# Which ohio lakes allow atv's for ice fishing?



## WWWalleye (Sep 7, 2009)

I was pretty bummed when I found out I couldn't take my quad on mosquito this past winter, it sure was nice when Erie was fishable being able to drag the shanty with the quad. Are there any other lakes near northeast ohio that allow ice fishing with ATV's?


----------



## ParmaBass (Apr 11, 2004)

Main Chain of the Portage Lakes allows ice vehicles (East, West, Mud, Rex, Turkeyfoot and Miller), not sure about Long Lake or North Reservoir though and Nimisila is a no no for sure. When the ice is good on East Reservoir it looks like a freakin motocross out there! Here's a map for you!!

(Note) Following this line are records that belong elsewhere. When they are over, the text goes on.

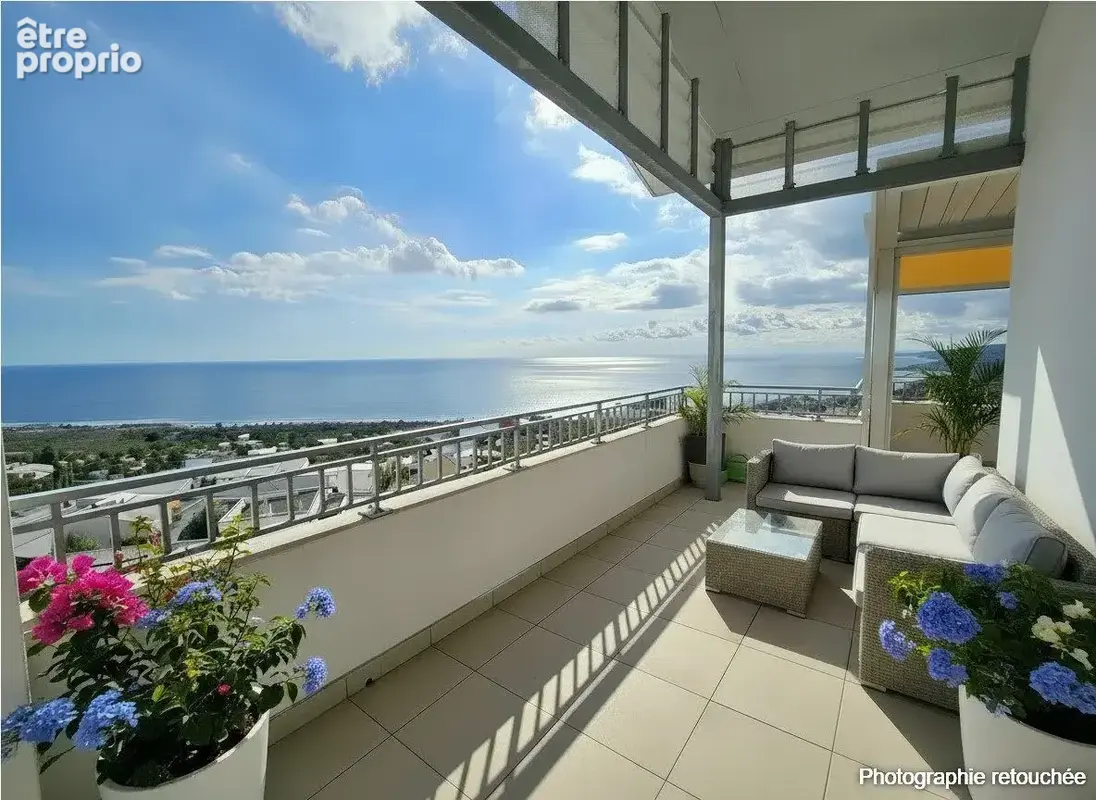 Appartement 75 m² à Le Port  - photo 3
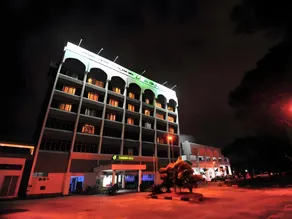 TH Hotel - Kelana Jaya - Image 1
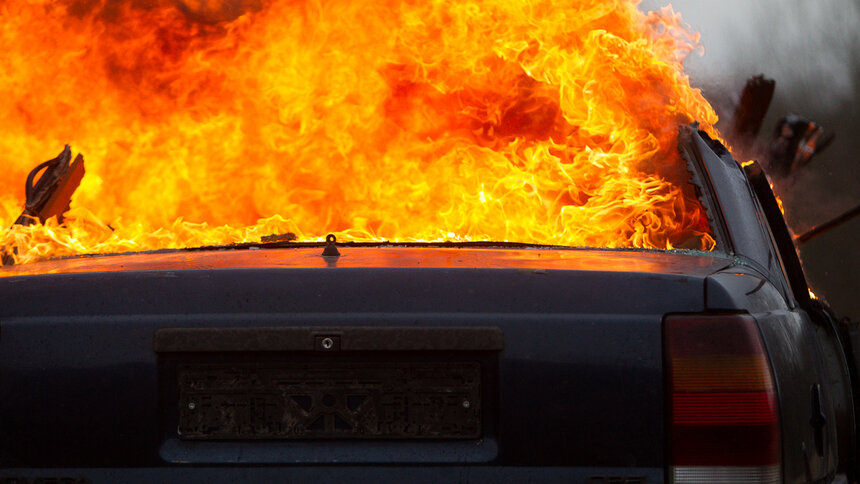 В Советске пять пожарных тушили горящий Audi 100 - Новости Калининграда | Архив &quot;Клопс&quot;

http://www.dnr.state.oh.us/Portals/9/Images/fishing/Lake Maps/pub270.gif


----------



## Fish2Win (Jan 21, 2009)

i launched the sled out of the bait shop on long lake last winter.


----------



## fish master (Dec 24, 2005)

ya i found that out to last year. but they didnt say anything about a mountain bike that i pulled my shanty and stuff out with.. i had people telling me i wish i thought of that.....do the same this year... thats a heck of a walk out there..


WWWalleye said:


> I was pretty bummed when I found out I couldn't take my quad on mosquito this past winter, it sure was nice when Erie was fishable being able to drag the shanty with the quad. Are there any other lakes near northeast ohio that allow ice fishing with ATV's?


----------



## Fish2Win (Jan 21, 2009)

do you use studded tires?


----------



## H2O Mellon (Apr 5, 2004)

I've seen folks using them on Grand Lake St Marys.


----------



## fishintechnician (Jul 20, 2007)

also indian lake will allow them alot of sleds are there


----------



## fish master (Dec 24, 2005)

Fish2Win said:


> do you use studded tires?


nope dont use studded tires but i dont take it out unless theres atleast 1'' of snow on the ice. to get some sort of traction..


----------